Die deutschen Parteien sind nach wie vor uneins über den Umfang des Emissionshandelssystems – trotz dessen Bedeutung für das Erreichen der EU-Klimaziele. Die Diskussion über den CO2-Preis ist ein Beispiel für den Widerwillen der Parteien, die unbequeme Frage zu beantworten, wer die finanzielle Last einer neuen Klimapolitik tragen soll. Ein sozialdemokratischer Bundeskanzler, der sich auf eine sozialere Gestaltung der Klimapolitik fokussieren dürfte, könnte im Einklang mit den Grünen die Industrie stärker in die Pflicht nehmen. Um die deutschen Klimaziele zu erreichen, muss eine neue Regierung außerdem Vertrauen bilden. Sie muss transparenter über die Folgen des CO2-Preises kommunizieren, z.B. mit Blick auf Bepreisung von Verkehr und Wärme, deren Folgen mit der Einführung der nationalen CO2-Bepreisung für die Bürger spürbarer geworden sind. Die Diskussion über die finanzielle Last wird sich wahrscheinlich auch auf EU-Ebene verstärken angesichts der Bedenken steigender Energiekosten einiger Mitgliedstaaten mit geringerem finanziellen Polster. Auf der anderen Seite werden Unternehmen ihren Stakeholdern gegenüber stärker kommunizieren müssen, welche konkreten Maßnahmen sie zur Dekarbonisierung ergreifen, und dabei auch die Kontinuität des operativen Geschäfts vermitteln.
 

Deutschland und die EU treten in eine neue politische Klimarealität ein; Unternehmen sollten ihr voraus sein

Die bevorstehende Bundestagswahl wird wahrscheinlich zu einer stärkeren politischen Fragmentierung führen. Es ist mit langwierigen Koalitionsverhandlungen zu rechnen. Das bedeutet, dass sich jene Gesetzesvorhaben monatelang verzögern könnten, die vom EU-Rat genehmigt werden müssen. Wenn sich die Koalitionsverhandlungen bis ins nächste Jahr hinziehen, dann wird das Problem durch die anstehenden Wahlen in Frankreich im April 2022 sogar noch verschärft. Sobald eine Koalition in Deutschland gebildet ist, ist mit einer Reihe von Maßnahmen zu rechnen. Sobald dann die neuen Regierungen in Deutschland und in Frankreich die Arbeit aufnehmen, werden die Europäer 2022 um die klimapolitischen Instrumente ringen. 
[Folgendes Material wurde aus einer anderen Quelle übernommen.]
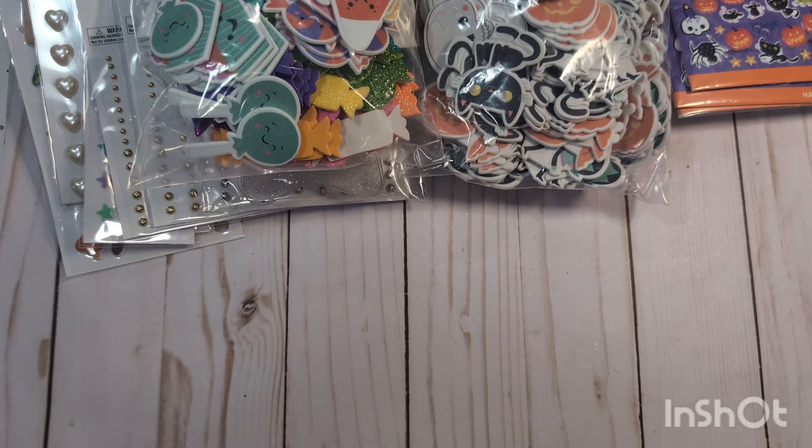That's everything I have in my quick little collective haul. If anyone has any questions, please let me know. If you haven't already, I greatly appreciate it if you would consider subscribing. I'll see you guys in the next video — bye everyone!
Für die klimapolitische Entscheidungsfindung in Deutschland entscheidend: Es braucht insbesondere einen Konsens zwischen dem Ministerium für Wirtschaft und Energie (industriefreundlich) und dem Umweltministerium, das sich für ehrgeizigere Klimavorschläge einsetzt. Das Zusammenspiel zwischen diesen beiden Ministerien ist besonders wichtig – vor allem wenn diese von unterschiedlichen Parteien besetzt werden. Gerade die Grünen plädieren für ein Klimaministerium mit Veto-Befugnis gegenüber anderen Ministerien, wenn deren Gesetzesentwürfe unvereinbar mit den Zielen des Pariser Klimaabkommens sind.